Gangster BB Cookbook Thread - 08/06/05 05:38 PM

Welcome to our table.

If anything goes together, it's the Italian lifestyle and food. And, since our community is about the Godfather movies, which also have a healthy dose of the stuff, I thought it might be cool for us to share some of our favorite mafioso recipes!
Posted By: The Italian Stallionette

Re: Gangster BB Cookbook Thread - 08/06/05 06:38 PM

Good topic DJ. I was raised with good Italian food and marrying an Italian, I had both my mother and mother in law who were great cooks give advice. However, I think my skills are limited. I can't make the variety of dishes that either of them could. I should have paid more attention. Cookbooks are good, but nothing like asking mom for original receipes ya know?

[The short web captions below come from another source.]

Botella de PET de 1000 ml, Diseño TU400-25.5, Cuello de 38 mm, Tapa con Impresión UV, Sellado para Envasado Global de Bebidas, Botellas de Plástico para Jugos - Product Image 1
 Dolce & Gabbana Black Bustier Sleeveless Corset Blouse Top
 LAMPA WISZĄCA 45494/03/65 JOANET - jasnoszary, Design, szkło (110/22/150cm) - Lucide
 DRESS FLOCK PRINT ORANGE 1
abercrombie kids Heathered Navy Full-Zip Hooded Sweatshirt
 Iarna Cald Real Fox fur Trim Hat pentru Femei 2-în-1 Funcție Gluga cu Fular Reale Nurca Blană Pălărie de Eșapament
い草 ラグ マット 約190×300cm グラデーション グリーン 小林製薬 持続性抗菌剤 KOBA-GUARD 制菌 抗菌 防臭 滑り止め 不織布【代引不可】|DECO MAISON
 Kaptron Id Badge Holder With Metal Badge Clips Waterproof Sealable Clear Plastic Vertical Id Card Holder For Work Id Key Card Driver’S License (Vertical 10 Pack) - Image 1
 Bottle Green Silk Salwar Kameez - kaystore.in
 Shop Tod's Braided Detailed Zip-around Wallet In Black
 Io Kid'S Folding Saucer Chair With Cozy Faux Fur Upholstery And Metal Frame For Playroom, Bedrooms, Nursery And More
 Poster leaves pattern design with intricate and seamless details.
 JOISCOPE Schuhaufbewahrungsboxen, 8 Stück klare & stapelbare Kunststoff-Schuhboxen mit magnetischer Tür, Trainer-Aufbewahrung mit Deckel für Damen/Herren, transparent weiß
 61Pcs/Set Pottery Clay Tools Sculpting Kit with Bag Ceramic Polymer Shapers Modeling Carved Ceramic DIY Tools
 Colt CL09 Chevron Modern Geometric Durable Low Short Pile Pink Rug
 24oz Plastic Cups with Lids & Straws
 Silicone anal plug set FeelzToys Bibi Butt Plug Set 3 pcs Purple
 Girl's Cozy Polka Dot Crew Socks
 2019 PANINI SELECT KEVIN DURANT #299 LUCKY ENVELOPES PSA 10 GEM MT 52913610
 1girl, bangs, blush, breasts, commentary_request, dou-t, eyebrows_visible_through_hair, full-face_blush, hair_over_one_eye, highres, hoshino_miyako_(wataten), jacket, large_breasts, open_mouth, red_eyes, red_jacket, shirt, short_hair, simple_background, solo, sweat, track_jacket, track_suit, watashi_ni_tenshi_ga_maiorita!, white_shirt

Both my mom and MIL taught me the spaghetti sauce, and it took me literaly a few years before I could say I was satisfied with it. It's funny how everyone's sauce is different. It's similar to my mom's and to my MIL's but not exactly the same. Don't know why. Probably most everyone puts the same ingredients in their sauce, yet no two taste the same.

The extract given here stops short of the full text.